[[ INPUT MATERIAL, beginning ]]

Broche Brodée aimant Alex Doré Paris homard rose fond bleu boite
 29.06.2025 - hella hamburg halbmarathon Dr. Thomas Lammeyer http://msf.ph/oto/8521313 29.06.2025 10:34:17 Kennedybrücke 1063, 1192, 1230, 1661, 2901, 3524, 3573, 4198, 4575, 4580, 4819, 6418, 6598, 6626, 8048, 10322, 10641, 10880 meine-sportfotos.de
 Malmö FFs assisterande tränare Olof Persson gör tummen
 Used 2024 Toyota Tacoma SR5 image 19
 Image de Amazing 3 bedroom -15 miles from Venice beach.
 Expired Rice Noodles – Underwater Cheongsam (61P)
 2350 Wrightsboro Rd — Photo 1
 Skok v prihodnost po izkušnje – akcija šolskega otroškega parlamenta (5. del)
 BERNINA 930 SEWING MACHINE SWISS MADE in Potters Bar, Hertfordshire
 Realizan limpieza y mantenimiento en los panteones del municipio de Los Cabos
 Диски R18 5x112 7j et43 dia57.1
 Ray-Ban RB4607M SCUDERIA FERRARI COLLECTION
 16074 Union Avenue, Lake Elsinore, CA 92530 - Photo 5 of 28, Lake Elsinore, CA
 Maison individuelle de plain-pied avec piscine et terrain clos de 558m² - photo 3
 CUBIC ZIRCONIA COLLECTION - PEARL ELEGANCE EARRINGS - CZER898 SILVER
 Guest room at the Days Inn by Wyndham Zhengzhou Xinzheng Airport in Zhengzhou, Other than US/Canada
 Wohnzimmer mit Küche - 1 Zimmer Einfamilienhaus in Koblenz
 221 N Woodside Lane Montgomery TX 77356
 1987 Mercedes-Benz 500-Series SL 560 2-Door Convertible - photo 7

[[ INPUT MATERIAL, end ]]

**TASK TO CARRY OUT:** Would you restate word for word every line from the one holding "Image de Amazing" to the end of the entries, both ends included?

**RESULT OF THIS EXERCISE:**
 Image de Amazing 3 bedroom -15 miles from Venice beach.
 Expired Rice Noodles – Underwater Cheongsam (61P)
 2350 Wrightsboro Rd — Photo 1
 Skok v prihodnost po izkušnje – akcija šolskega otroškega parlamenta (5. del)
 BERNINA 930 SEWING MACHINE SWISS MADE in Potters Bar, Hertfordshire
 Realizan limpieza y mantenimiento en los panteones del municipio de Los Cabos
 Диски R18 5x112 7j et43 dia57.1
 Ray-Ban RB4607M SCUDERIA FERRARI COLLECTION
 16074 Union Avenue, Lake Elsinore, CA 92530 - Photo 5 of 28, Lake Elsinore, CA
 Maison individuelle de plain-pied avec piscine et terrain clos de 558m² - photo 3
 CUBIC ZIRCONIA COLLECTION - PEARL ELEGANCE EARRINGS - CZER898 SILVER
 Guest room at the Days Inn by Wyndham Zhengzhou Xinzheng Airport in Zhengzhou, Other than US/Canada
 Wohnzimmer mit Küche - 1 Zimmer Einfamilienhaus in Koblenz
 221 N Woodside Lane Montgomery TX 77356
 1987 Mercedes-Benz 500-Series SL 560 2-Door Convertible - photo 7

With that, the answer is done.